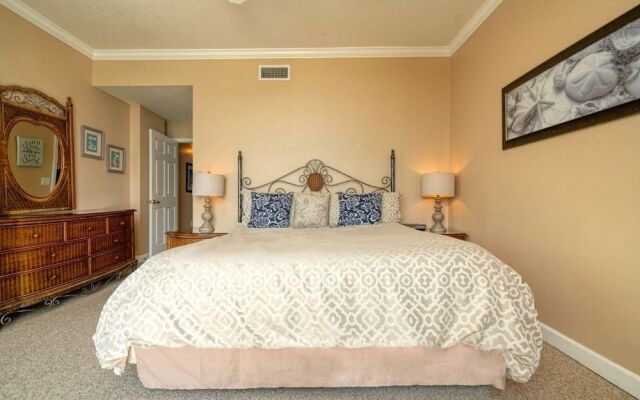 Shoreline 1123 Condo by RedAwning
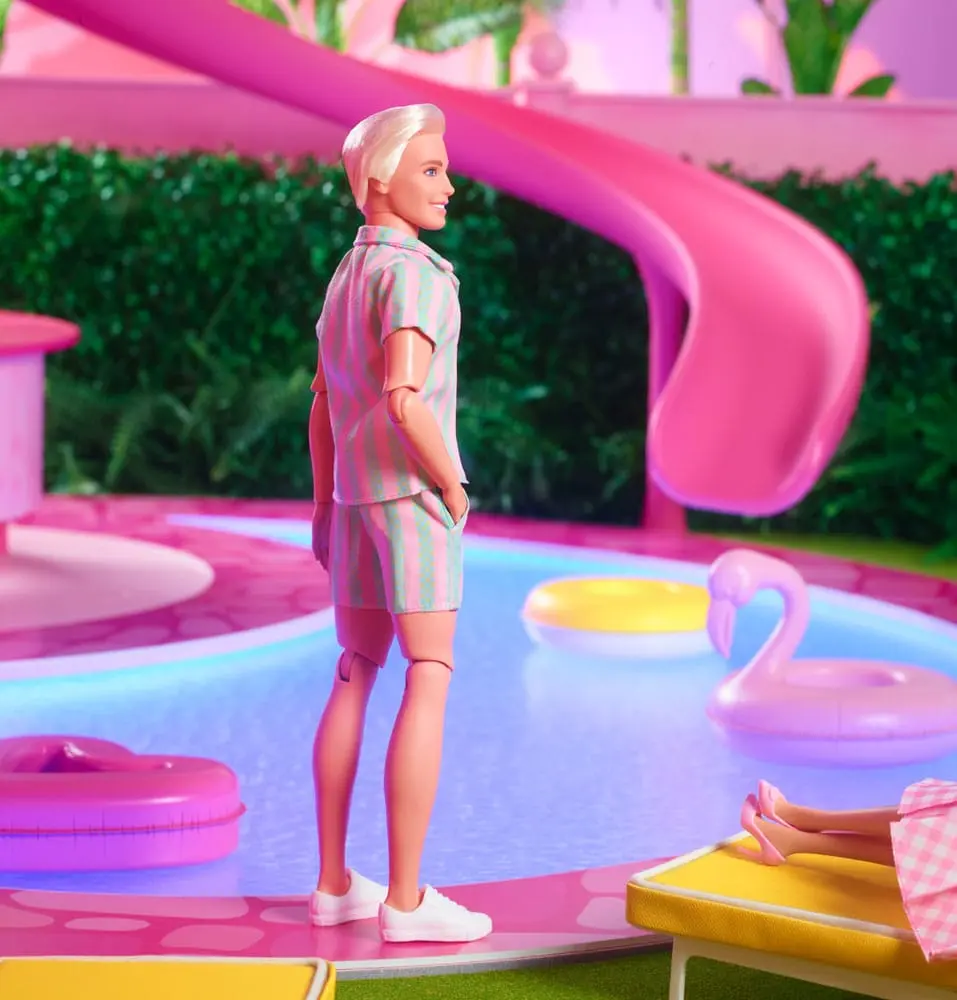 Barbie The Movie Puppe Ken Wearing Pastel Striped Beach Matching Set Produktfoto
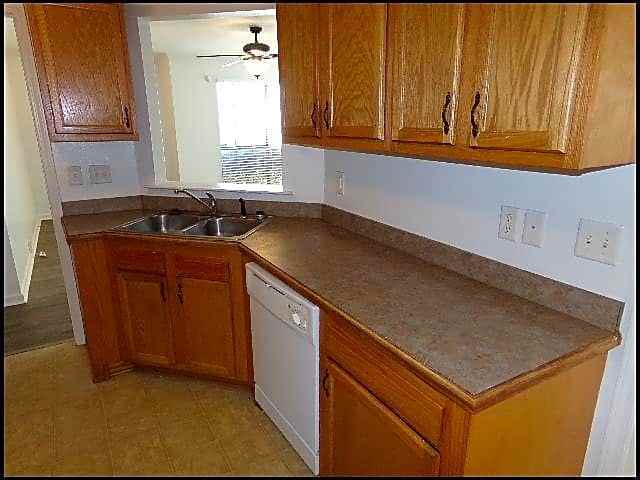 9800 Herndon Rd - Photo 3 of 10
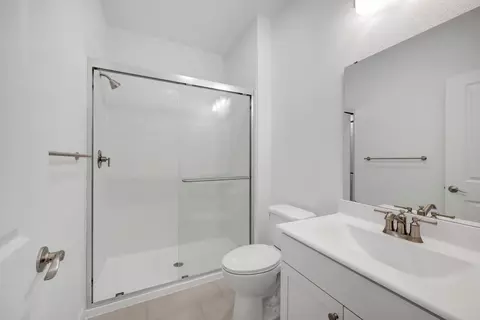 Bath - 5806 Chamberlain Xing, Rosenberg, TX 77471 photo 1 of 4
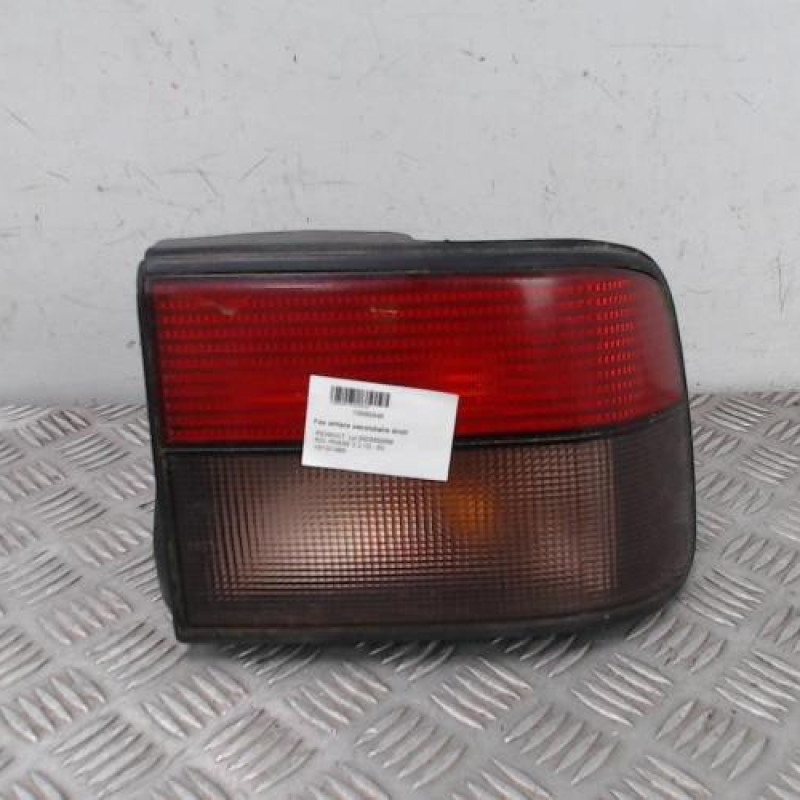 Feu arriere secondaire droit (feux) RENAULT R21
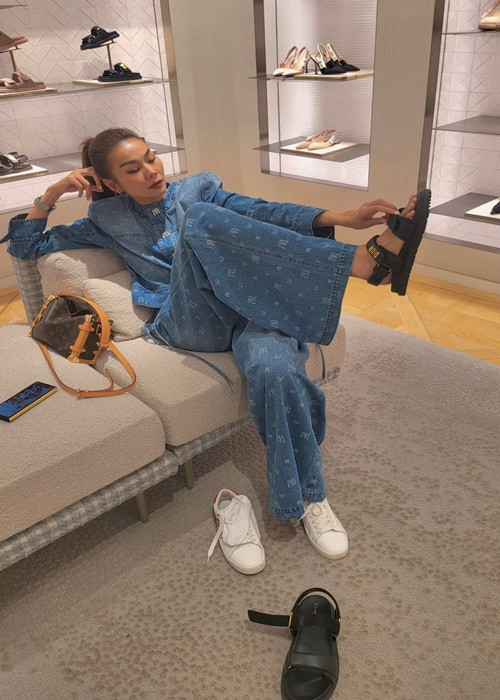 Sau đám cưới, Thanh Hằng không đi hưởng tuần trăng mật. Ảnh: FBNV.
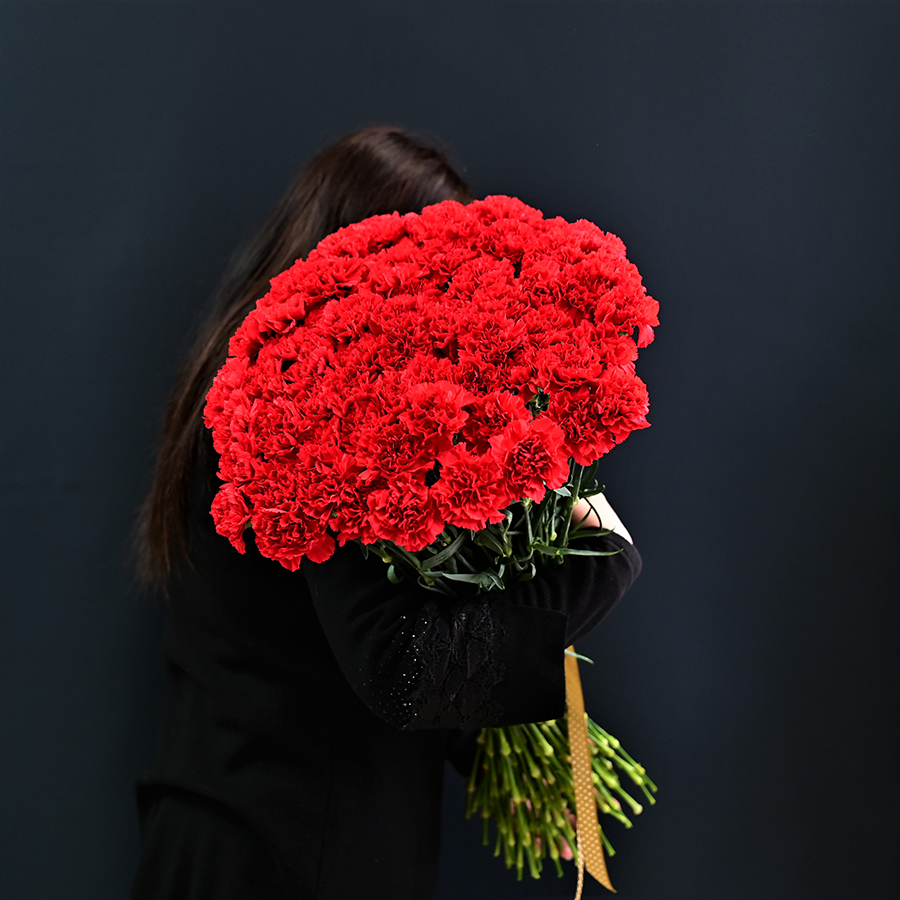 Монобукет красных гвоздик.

## Task directions
Only the lines from the line with "Bath - 5806" through the closing line of the data, both included, should be set down, exactly as written and without pictures.

## Written solution
 Bath - 5806 Chamberlain Xing, Rosenberg, TX 77471 photo 1 of 4
 Feu arriere secondaire droit (feux) RENAULT R21
 Sau đám cưới, Thanh Hằng không đi hưởng tuần trăng mật. Ảnh: FBNV.
 Монобукет красных гвоздик.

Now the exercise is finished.